▶ _What is needed_
In the entries below, how many lines hold the word "Holder"? Answer with the number only.

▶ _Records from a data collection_
/---

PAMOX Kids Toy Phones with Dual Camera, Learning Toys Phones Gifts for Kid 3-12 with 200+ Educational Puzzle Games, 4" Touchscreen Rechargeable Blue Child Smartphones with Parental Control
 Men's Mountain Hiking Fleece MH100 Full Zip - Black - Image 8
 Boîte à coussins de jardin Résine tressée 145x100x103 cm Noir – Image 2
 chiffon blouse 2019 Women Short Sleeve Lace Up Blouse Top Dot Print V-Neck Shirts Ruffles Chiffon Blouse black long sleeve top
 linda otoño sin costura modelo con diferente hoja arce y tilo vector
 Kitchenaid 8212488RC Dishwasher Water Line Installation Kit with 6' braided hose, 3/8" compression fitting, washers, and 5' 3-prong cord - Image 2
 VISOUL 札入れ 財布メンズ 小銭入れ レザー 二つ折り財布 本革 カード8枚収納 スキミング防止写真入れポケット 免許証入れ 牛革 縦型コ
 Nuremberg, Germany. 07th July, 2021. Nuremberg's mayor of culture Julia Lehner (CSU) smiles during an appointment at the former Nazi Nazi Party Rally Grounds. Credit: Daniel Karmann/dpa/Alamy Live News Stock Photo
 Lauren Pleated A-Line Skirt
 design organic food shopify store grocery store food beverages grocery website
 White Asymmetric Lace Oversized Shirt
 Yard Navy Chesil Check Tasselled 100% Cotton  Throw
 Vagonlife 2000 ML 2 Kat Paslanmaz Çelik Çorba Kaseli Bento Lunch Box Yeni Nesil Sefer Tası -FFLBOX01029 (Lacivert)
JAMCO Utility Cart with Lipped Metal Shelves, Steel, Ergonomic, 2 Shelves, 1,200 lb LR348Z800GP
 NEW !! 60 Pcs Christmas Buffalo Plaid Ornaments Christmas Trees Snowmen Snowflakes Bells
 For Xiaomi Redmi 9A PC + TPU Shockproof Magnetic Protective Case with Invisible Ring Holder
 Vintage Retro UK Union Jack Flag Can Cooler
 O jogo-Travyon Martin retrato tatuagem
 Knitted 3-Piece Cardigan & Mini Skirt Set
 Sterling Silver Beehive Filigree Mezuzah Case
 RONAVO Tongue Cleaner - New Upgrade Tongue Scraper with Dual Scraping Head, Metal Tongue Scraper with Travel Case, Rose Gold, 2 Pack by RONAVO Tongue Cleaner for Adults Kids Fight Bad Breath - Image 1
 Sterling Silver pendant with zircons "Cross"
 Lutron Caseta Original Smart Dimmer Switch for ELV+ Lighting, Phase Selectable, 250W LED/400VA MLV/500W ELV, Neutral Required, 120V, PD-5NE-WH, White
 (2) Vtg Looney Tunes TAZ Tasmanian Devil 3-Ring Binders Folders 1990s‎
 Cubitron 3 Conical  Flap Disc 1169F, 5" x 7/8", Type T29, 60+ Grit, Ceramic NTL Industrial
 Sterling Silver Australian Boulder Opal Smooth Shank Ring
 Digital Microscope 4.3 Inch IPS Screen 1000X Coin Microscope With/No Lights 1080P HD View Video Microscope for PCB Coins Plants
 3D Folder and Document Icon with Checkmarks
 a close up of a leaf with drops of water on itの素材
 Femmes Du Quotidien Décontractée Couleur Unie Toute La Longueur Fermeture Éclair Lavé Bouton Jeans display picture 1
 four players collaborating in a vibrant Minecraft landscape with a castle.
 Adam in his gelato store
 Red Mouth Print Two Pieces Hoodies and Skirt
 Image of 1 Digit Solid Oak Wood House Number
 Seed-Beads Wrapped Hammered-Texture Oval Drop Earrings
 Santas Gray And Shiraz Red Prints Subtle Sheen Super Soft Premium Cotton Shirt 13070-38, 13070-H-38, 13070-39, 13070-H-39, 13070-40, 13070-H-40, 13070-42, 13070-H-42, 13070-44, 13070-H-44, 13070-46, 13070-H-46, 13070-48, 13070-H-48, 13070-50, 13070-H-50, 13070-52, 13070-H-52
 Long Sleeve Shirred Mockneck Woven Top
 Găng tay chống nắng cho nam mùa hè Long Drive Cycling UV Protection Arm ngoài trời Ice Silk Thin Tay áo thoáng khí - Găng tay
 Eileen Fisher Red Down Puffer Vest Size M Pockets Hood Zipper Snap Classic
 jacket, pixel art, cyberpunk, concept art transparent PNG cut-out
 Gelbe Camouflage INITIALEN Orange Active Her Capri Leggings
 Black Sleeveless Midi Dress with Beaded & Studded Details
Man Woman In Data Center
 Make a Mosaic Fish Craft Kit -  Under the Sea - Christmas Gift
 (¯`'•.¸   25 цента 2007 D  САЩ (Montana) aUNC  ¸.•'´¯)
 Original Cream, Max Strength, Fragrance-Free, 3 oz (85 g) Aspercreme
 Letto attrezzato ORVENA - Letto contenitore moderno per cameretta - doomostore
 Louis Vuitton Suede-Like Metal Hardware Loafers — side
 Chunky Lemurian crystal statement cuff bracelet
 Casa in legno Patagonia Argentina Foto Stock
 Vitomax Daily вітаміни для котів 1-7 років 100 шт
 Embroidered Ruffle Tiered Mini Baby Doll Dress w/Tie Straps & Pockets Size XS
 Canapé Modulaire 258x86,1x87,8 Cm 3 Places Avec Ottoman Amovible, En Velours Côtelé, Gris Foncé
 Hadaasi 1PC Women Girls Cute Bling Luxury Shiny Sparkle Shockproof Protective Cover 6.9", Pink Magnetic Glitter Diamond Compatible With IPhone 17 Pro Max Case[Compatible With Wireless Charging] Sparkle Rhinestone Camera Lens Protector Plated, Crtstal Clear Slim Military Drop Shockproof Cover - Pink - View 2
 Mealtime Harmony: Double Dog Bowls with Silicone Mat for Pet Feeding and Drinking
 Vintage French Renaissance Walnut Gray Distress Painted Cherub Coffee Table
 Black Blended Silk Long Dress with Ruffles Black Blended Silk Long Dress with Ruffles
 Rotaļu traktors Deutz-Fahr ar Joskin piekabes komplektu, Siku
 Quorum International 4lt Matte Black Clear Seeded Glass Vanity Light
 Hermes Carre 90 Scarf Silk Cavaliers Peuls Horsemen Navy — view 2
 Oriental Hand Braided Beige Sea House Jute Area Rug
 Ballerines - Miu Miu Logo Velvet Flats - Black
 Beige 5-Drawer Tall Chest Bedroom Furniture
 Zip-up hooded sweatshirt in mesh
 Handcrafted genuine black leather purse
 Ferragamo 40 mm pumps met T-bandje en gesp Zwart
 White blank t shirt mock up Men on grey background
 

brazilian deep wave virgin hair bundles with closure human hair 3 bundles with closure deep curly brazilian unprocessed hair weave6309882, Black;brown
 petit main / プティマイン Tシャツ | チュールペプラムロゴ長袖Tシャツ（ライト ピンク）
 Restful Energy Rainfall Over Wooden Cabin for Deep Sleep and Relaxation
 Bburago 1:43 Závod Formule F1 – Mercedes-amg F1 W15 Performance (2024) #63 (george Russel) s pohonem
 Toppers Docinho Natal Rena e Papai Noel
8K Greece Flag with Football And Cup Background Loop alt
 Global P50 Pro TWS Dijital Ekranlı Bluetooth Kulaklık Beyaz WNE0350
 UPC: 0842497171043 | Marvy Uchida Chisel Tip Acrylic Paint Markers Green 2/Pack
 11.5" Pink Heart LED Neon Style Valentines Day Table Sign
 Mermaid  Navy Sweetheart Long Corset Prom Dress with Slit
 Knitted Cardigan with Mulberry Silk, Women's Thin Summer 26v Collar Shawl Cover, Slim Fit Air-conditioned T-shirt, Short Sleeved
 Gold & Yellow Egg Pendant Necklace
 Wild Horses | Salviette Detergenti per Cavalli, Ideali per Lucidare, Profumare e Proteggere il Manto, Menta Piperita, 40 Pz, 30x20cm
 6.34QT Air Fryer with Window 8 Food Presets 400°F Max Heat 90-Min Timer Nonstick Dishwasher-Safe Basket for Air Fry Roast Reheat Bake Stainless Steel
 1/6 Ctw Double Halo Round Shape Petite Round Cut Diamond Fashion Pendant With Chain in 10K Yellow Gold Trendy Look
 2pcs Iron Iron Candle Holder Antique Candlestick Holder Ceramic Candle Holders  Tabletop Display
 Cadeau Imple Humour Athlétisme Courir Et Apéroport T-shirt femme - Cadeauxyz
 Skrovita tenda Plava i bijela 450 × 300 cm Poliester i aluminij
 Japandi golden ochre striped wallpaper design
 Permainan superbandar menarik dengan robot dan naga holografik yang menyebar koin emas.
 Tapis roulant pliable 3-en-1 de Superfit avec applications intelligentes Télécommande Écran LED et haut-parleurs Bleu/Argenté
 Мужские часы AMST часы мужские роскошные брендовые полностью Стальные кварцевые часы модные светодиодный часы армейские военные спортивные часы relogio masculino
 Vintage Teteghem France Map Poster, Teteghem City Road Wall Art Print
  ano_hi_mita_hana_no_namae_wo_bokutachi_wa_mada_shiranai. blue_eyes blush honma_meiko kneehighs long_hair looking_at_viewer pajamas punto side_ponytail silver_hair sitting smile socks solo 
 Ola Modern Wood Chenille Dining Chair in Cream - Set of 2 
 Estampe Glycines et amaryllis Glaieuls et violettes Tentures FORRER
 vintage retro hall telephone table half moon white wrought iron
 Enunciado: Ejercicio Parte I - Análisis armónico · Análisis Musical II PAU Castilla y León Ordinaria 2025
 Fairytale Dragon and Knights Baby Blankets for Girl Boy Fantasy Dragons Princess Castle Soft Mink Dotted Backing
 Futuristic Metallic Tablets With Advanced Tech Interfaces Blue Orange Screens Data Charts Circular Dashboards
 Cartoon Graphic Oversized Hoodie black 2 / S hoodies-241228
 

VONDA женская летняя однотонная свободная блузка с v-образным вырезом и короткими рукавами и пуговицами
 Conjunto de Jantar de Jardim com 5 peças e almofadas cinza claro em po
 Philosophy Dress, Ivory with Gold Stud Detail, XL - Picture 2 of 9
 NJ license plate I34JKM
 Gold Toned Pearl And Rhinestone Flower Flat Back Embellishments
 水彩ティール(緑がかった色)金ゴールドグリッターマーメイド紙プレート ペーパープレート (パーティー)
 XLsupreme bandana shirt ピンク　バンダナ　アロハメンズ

\---

▶ _Solution to this task_
2